Short text fragments from websites

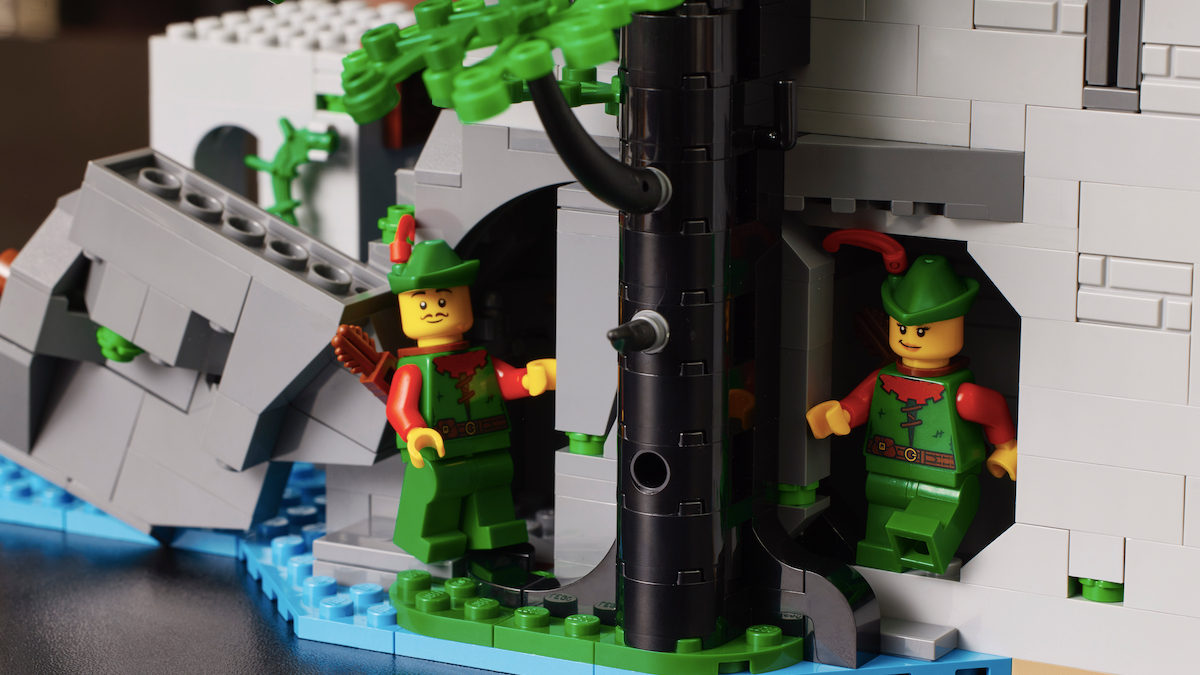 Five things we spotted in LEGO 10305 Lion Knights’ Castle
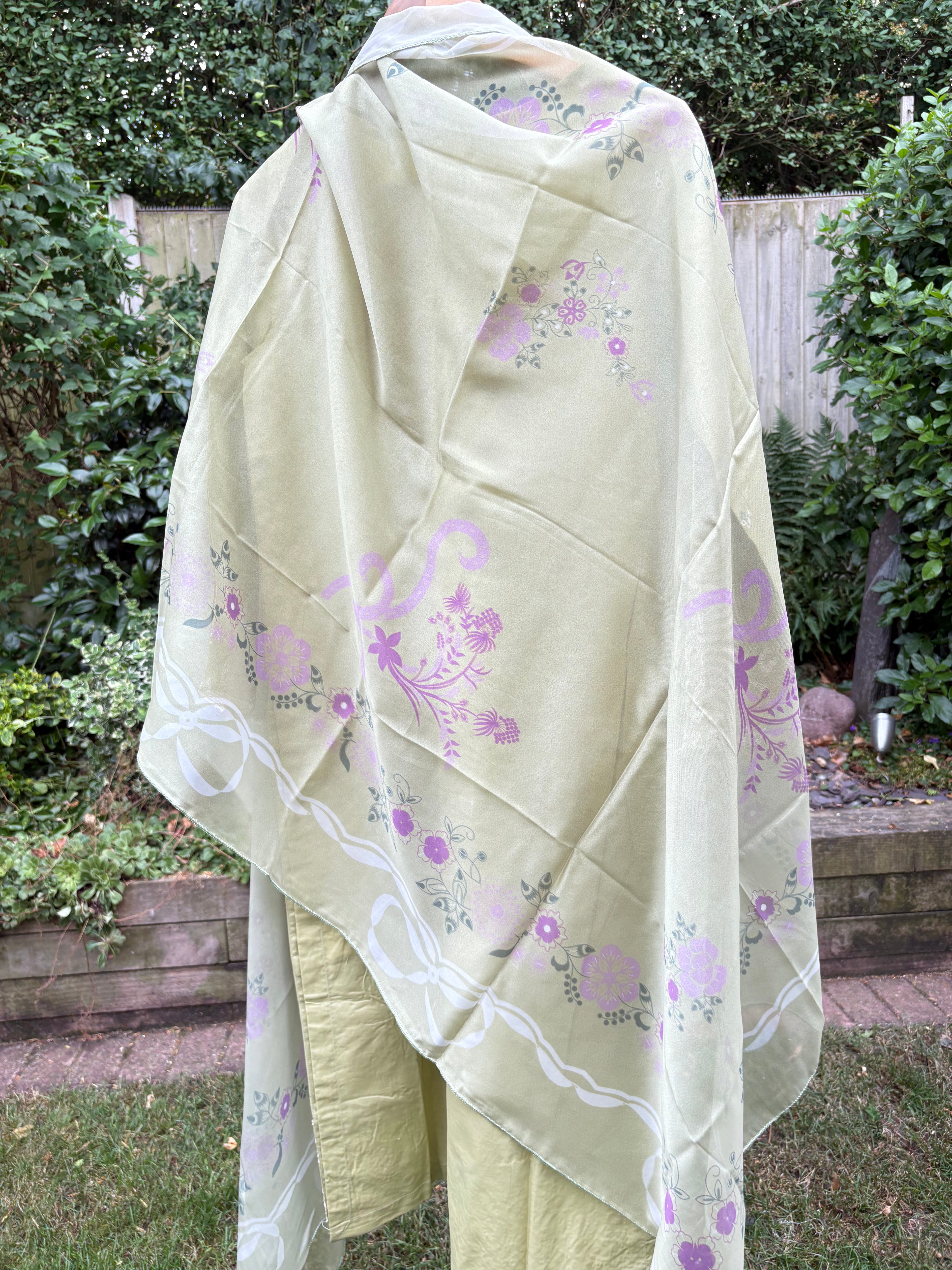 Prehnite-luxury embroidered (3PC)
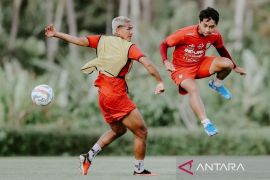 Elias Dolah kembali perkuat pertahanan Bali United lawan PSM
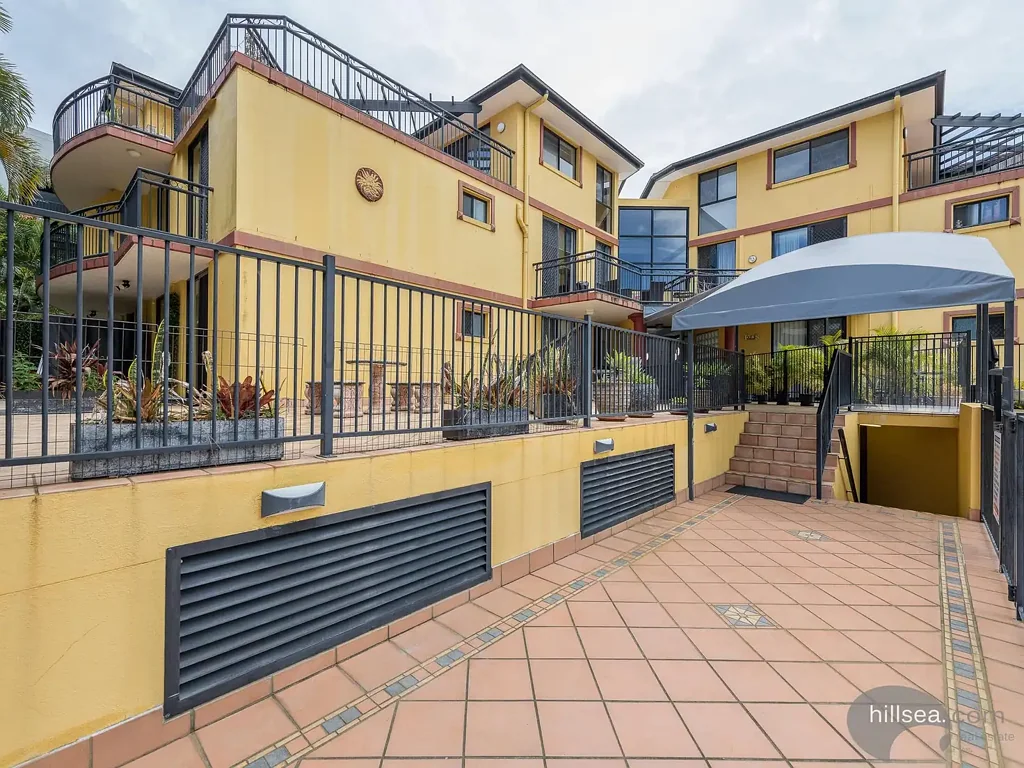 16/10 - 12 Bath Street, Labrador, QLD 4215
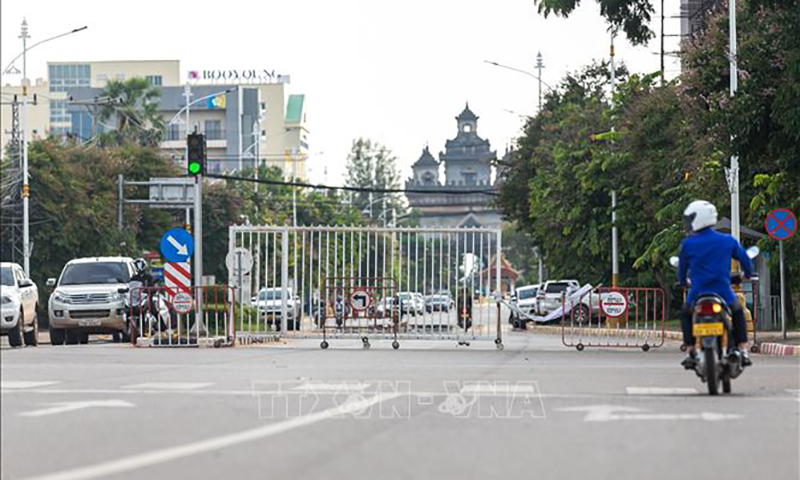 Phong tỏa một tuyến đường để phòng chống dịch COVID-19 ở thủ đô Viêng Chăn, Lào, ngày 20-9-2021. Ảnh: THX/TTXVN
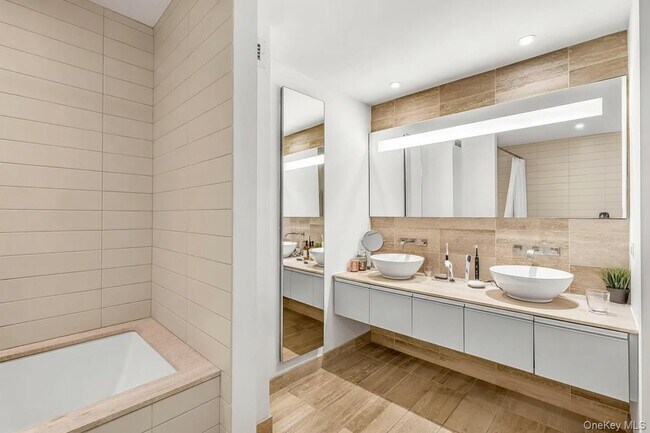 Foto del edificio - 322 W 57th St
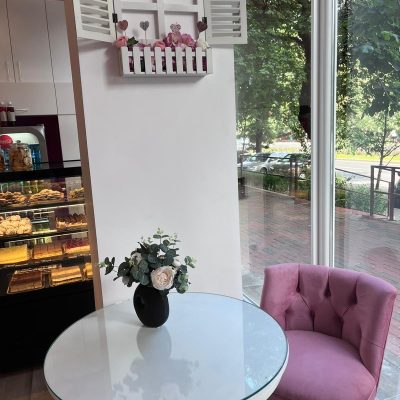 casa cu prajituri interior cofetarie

# [What is being asked]
Leaving out the pictures, please transcribe exactly the lines from the one that holds "Phong tỏa một" through the last line of the entries above, both included.

# [Problem solution]
 Phong tỏa một tuyến đường để phòng chống dịch COVID-19 ở thủ đô Viêng Chăn, Lào, ngày 20-9-2021. Ảnh: THX/TTXVN
 Foto del edificio - 322 W 57th St
 casa cu prajituri interior cofetarie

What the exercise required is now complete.